I sometimes worry that if I allow violent images into my mind, I’ll attract violence to myself. Kind of a twist on ‘You are what you eat.’ I don’t know if this is true or not but I can see that shying away from thinking about aspects of life I find distasteful may inhibit my ability to develop characters readers recognize as whole human beings. I’m studying gangsta culture right now for my latest story and trying to get beyond tut-tutting about how awful it is and embrace the life. To feel what it’s like to be ‘jumped into’ a gang and wear its colors, to tattoo your body with its symbols, to pack a roscoe and patrol the ‘hood, with your dark side on display and the light of your Shadow buried, maybe forever.

Next time: one man’s take on his shadow.

Image: Embracing Shadow Self by Rita Loyd


Blogger Andrew Tibbetts said...

I have been doing some 'shadow work' with my clients ever since I read Debbie Allen's "Dark Side of the Light Chasers". I can't believe I am recommending such a new-agey book! But I am.

I've never connected that kind of exploration with my writing though. Thanks for this post, Tricia, it's given me some ideas.

Sat Jun 16, 12:27:00 pm GMT-4  
Anonymous Anonymous said...

Tricia, written with a certain sadness and elegance - thanks so much - ruminating on those shadows.

Sat Jun 16, 03:50:00 pm GMT-4  
Blogger Martin Heavisides said...

A scientist said recently, and succinctly, in response to the claim in The Secret that "A positive thought has been scientifically proven to be one hundred times as powerful as a negative thought," "No--it hasn't." As you point out, it isn't because we imagine negative thoughts aren't powerful that they frighten us. I remember talking to an actress who said there are certain parts she didn't want to play because she was afraid of drawing the situations in them to herself. One of the things a professor of mine particularly admired about Swift was that "There was no thought so perverse he wouldn't entertain it."

Sat Jun 16, 04:30:00 pm GMT-4  
Blogger Tricia Dower said...

So glad to get your comments, all. I may look for that book, Andrew. And, Martin, thanks for telling us about your actress friend. Good to know someone shares my concerns. But, should we as writers try to emulate Swift?

Sat Jun 16, 05:59:00 pm GMT-4  
Blogger MelBell said...

Great post, Tricia. I can relate to your own reluctance to entertain certain dark subjects in creative work - my own experience has taught me to be extremely cautious in this regard. There's more to it than we know. But "sympathy for the Devil" is always a good idea - I still want to be believe that "love conquers all".

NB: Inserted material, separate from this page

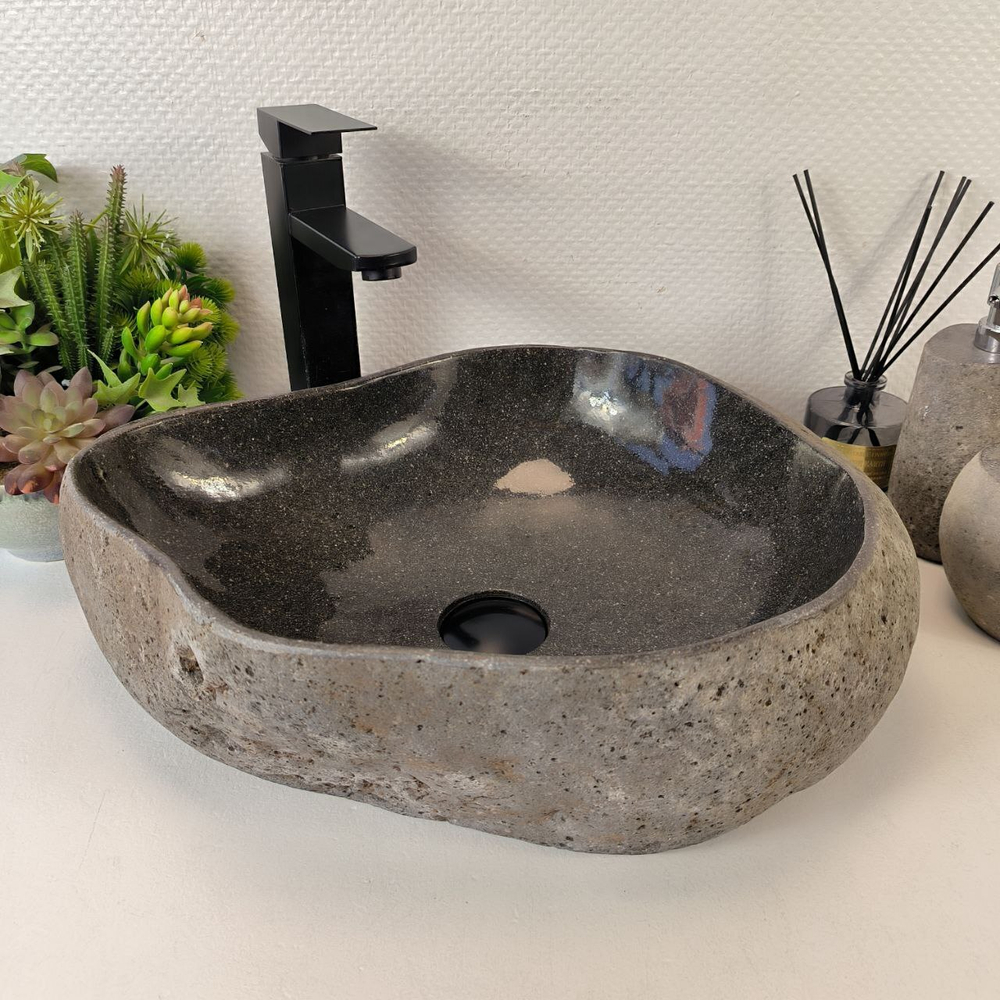 Раковина из речного камня RS-65375 48*38*14 0861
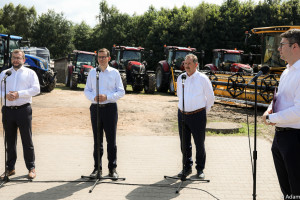 Premier w gospodarstwie - rolnik chowa maszyny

I'm looking forward to Part 2!

Sun Jun 17, 10:47:00 am GMT-4  
Anonymous Larry said...


I thought you made really effective use of the shadow-light dance/struggle/reality in that one story with the child-sex shack/whorehouse. The matriarchal figure was so ruthless and controlling, while allowing an odd but genuine maternal impulse to shimmer through, here and there. This helped provide a complexity and dimensionality.


Mon Jun 18, 12:48:00 pm GMT-4  
Blogger Tricia Dower said...

Thanks, Mel. I HAVE ventured into the dark as Larry's comment indicates and it was difficult and stressful.

Thanks for the affirmation, Larry. In that stary, I wasn't consciously dipping into shadow selves, just trying to understand where an essentially "bad" character might be coming from. Maybe it's the same thing.